Take from the entries below the stretch from the line with "a bedroom with" through the line with "Sunset at a", and return it exactly, leaving the pictures out.

**ENTRIES SHOWN:**
----------
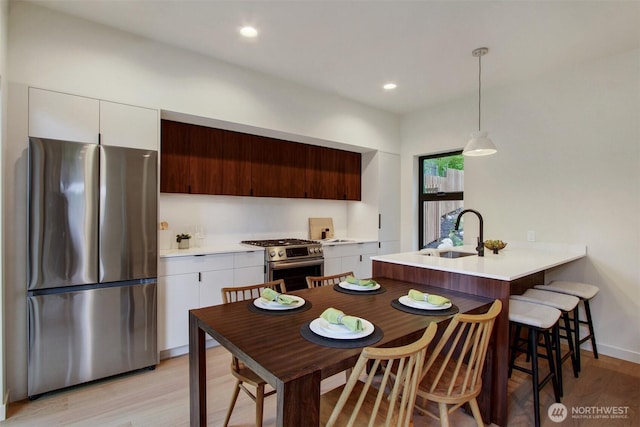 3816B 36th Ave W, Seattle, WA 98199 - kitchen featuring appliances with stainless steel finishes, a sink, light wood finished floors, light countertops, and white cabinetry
----------
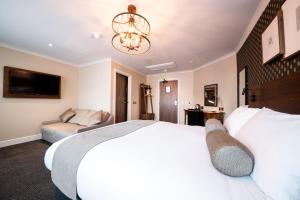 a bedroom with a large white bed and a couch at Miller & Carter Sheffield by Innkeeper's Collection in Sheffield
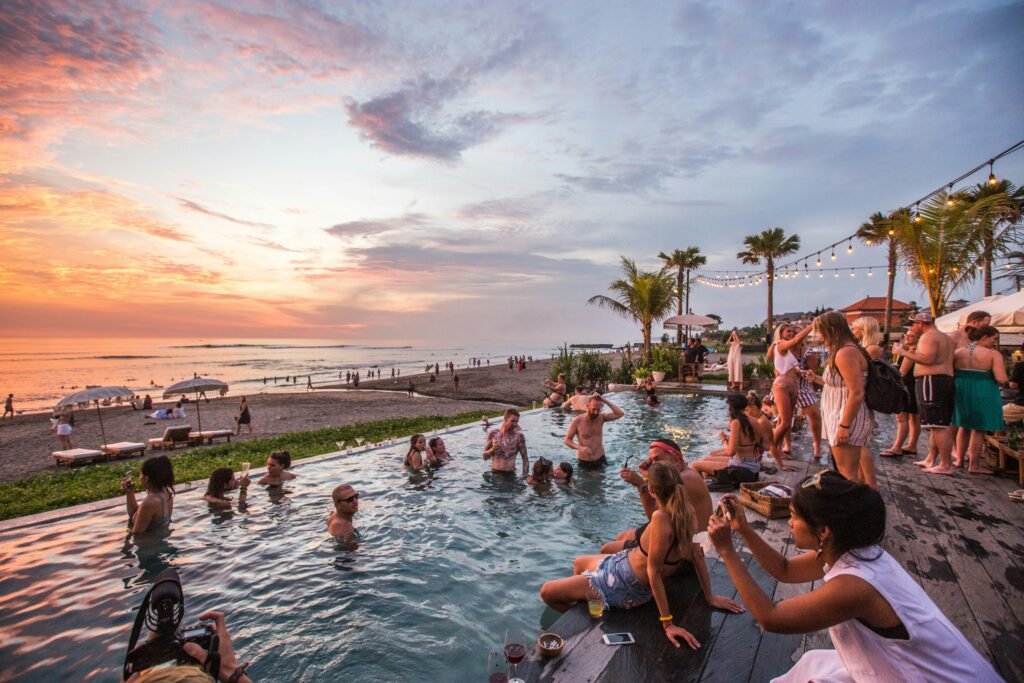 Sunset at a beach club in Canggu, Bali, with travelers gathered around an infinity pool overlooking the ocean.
----------
**SOLUTION:**
 a bedroom with a large white bed and a couch at Miller & Carter Sheffield by Innkeeper's Collection in Sheffield
 Sunset at a beach club in Canggu, Bali, with travelers gathered around an infinity pool overlooking the ocean.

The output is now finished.